◆ Collected material
============
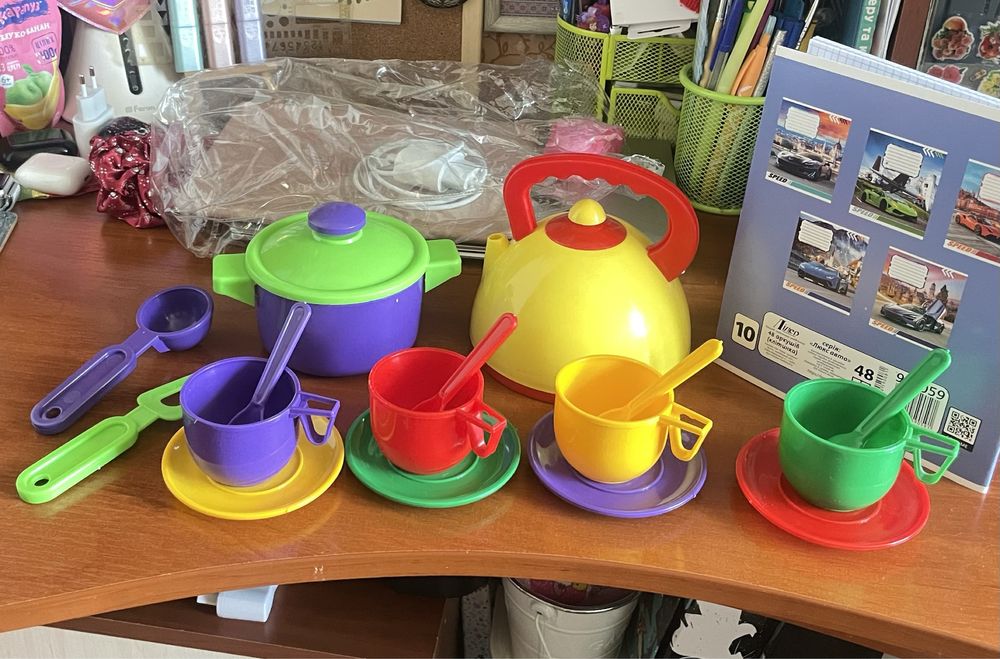 Набір іграшкового посуду для кухні дитячої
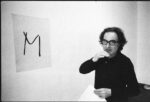 Installazione dell’opera La musica è facile con Giuseppe Chiari e Liliana Dematteis, galleria Martano, Torino, 7 maggio 1976. Fotografia di Gianni Melotti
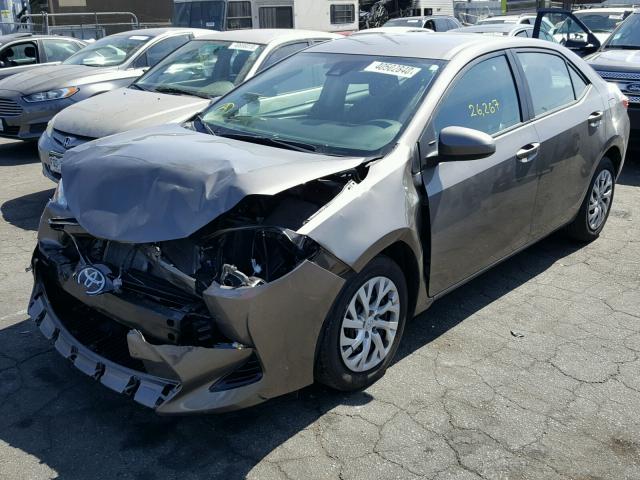 2T1BURHE7HC760607 - 2017 TOYOTA COROLLA L GRAY photo 2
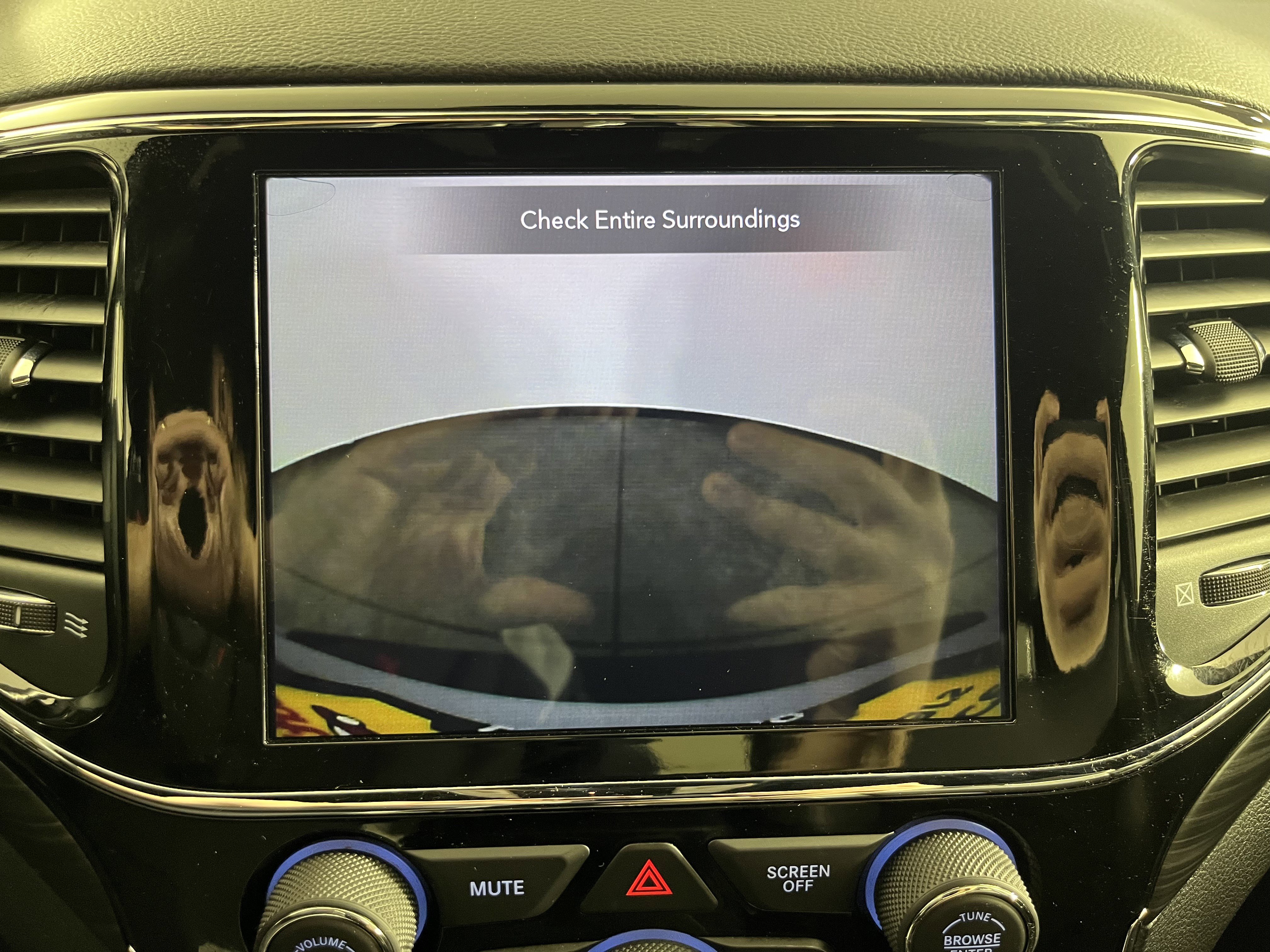 Used 2020 Jeep Grand Cherokee Altitude AWD/4WD image 28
============
◆ Exercise goal
Return only the lines from the start of the data through the line that contains "2T1BURHE7HC760607 - 2017", please, copying them exactly and omitting all pictures.

◆ Exercise result
 Набір іграшкового посуду для кухні дитячої
 Installazione dell’opera La musica è facile con Giuseppe Chiari e Liliana Dematteis, galleria Martano, Torino, 7 maggio 1976. Fotografia di Gianni Melotti
 2T1BURHE7HC760607 - 2017 TOYOTA COROLLA L GRAY photo 2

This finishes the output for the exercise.